DATA SECTION -
'''

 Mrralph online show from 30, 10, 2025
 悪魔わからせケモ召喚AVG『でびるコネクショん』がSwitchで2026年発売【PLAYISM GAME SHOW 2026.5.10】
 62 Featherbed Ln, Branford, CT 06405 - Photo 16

'''
'''

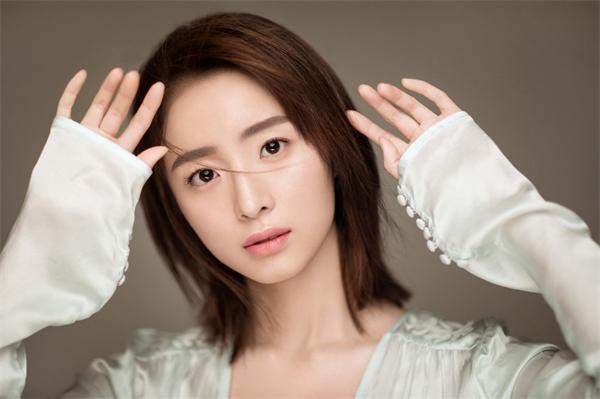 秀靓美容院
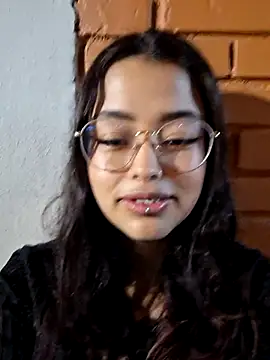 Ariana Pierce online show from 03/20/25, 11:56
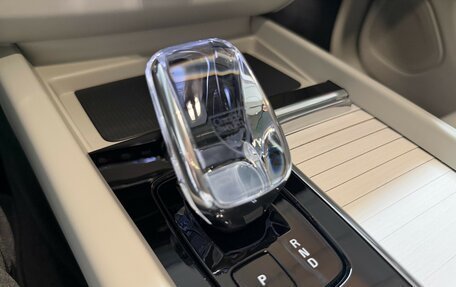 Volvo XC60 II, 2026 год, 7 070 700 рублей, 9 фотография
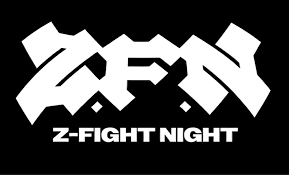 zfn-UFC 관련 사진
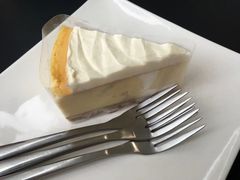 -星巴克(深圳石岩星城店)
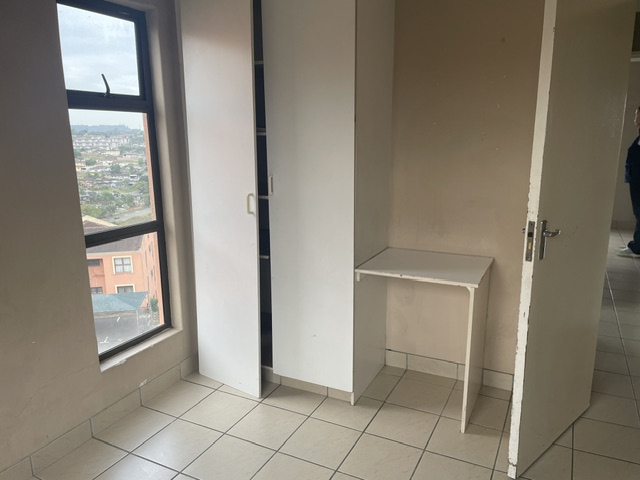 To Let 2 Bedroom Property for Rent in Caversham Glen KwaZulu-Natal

'''

Copy out exactly the lines above beginning with the line that contains "Ariana Pierce online" and finishing with the line that contains "To Let 2 Bedroom", including both; leave the pictures out.

 Ariana Pierce online show from 03/20/25, 11:56
 Volvo XC60 II, 2026 год, 7 070 700 рублей, 9 фотография
 zfn-UFC 관련 사진
 -星巴克(深圳石岩星城店)
 To Let 2 Bedroom Property for Rent in Caversham Glen KwaZulu-Natal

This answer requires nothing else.